I'm running the cycle (manager / reviewer)

Map demo	Build an O/D pair and freeze it with "Save for field" — one facade call routes all three product profiles and records geometry, per-edge path details, and the shared time bucket in a single pair-doc. Doubles as the desk-review tool: any node opens in Mapillary / Street View.
Bench	Desk comparison of our pedestrian route against Google's (ours blue, Google amber) on a Google basemap, with a distance / overlap card and Street View inspection. Eyeball where the two routes diverge.
Field plan	Assign pair × mode × day per tester, each with a walk window; generates the personal links.
Field review	Collected feedback: per-pair overview (walks, ratings, issue counts) and a map view where flagged nodes sit next to street-level imagery, with the triage queue pre-sorted by fix surface.
Manager guide	The full runbook: freezing pairs, assignments, collection, photo EXIF-join, imagery keys.

How the pieces fit

Freeze — build O/D pairs in the demo and save them for field testing. Each frozen pair carries all three product profile routes plus per-edge path details, so every complaint joins back to what the engine believed at that exact spot (frozen snapshots keep all feedback comparable).
Plan — assign tester × day × mode with a walk window on the field plan and send out personal links with the tester guide.
Walk — testers first compare the three options and rate choice value, then walk the assigned mode, annotating nodes with mode-aware chips and rating correctness and mode alignment at the end in the field app; rows queue offline and sync automatically.
Review — triage on field review, queue pre-sorted by fix surface; verify flagged nodes remotely via street-level imagery and the engine's per-edge beliefs; export the raw feedback.jsonl for analysis.

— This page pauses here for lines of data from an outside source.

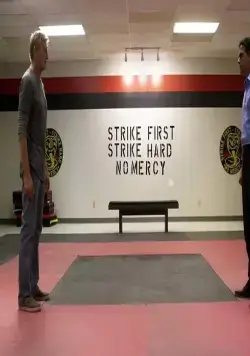 Кобра Кай (2018) в хорошем качестве через торрент Кобра Кай (2018) сериал в хорошем качестве через торрент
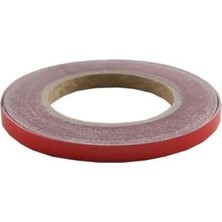 Die Grup 0.5CMX10M Kırmızı Fosforlu Bant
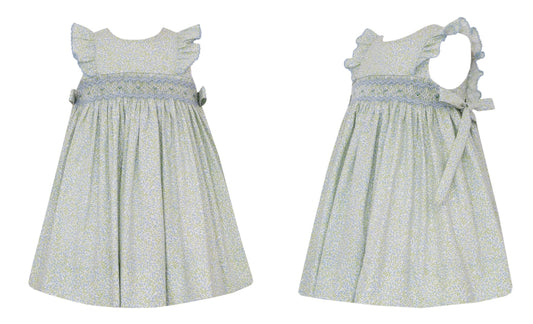Arabella French Dress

Every feedback row joins to its frozen pair's exact geometry, per-edge path details, weights, and time bucket — rows double as replayable regression cases for routing and guidance work, and the pair-docs feed the bench directly (edge overlap, detour ratios, time deltas across the full pair set).

Cycle scope and method

Daytime only. Cycle 1 is pre-registered on daytime buckets (wd_am / wd_pm): it tests Safe's route-shape promise, while the lights weight and darkness perception are explicitly out of scope. Night is a separate opt-in probe — one evening, a few volunteers walking in pairs, frozen wd_nt pairs after actual dark.
Search clarity is not part of walks. Whether you can create a route and understand the options in the live app is a pure frontend signal — it's measured in a separate once-per-tester live-app session, not on the end-of-walk sheet.
Mode alignment is walked, not previewed. Testers rate mode alignment only for the mode they actually walked — armchair ratings of the unwalked options aren't collected.
Inter-rater agreement. A subset of pairs is walked by two or three testers in the same mode and walk window, so we can see how much of a rating is the route and how much is the rater. Total walks stay the same — it's purely how the assignment grid is filled.

Ratings are descriptive health metrics — no decision hangs on a rating alone. Issue chips and their joins to the frozen pair-docs are what drives fixes. "Ratings tell us how bad it is; chips and joins tell us what to fix; the bench tells us whether we fixed it."